### EXERCISE AIM
Show every line in the material below in which the string "Brown" appears.

━━━━━━━━━━

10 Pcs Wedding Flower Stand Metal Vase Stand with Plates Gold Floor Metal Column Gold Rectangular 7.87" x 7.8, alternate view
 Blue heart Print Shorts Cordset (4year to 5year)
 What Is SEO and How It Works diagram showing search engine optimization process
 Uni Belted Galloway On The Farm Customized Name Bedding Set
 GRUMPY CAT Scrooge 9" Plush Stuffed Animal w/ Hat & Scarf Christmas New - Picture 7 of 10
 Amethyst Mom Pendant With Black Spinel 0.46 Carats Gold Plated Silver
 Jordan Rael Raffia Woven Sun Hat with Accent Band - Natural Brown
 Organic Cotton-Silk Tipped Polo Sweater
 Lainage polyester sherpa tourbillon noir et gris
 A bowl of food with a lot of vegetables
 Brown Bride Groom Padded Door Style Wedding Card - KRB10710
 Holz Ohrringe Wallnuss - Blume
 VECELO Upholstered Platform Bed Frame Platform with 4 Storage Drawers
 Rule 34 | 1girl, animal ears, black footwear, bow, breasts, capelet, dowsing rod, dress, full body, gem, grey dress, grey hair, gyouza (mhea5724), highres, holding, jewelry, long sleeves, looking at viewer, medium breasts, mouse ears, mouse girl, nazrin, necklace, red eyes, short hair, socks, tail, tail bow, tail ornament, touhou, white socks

━━━━━━━━━━

### RESPONSE BOX
 Jordan Rael Raffia Woven Sun Hat with Accent Band - Natural Brown
 Brown Bride Groom Padded Door Style Wedding Card - KRB10710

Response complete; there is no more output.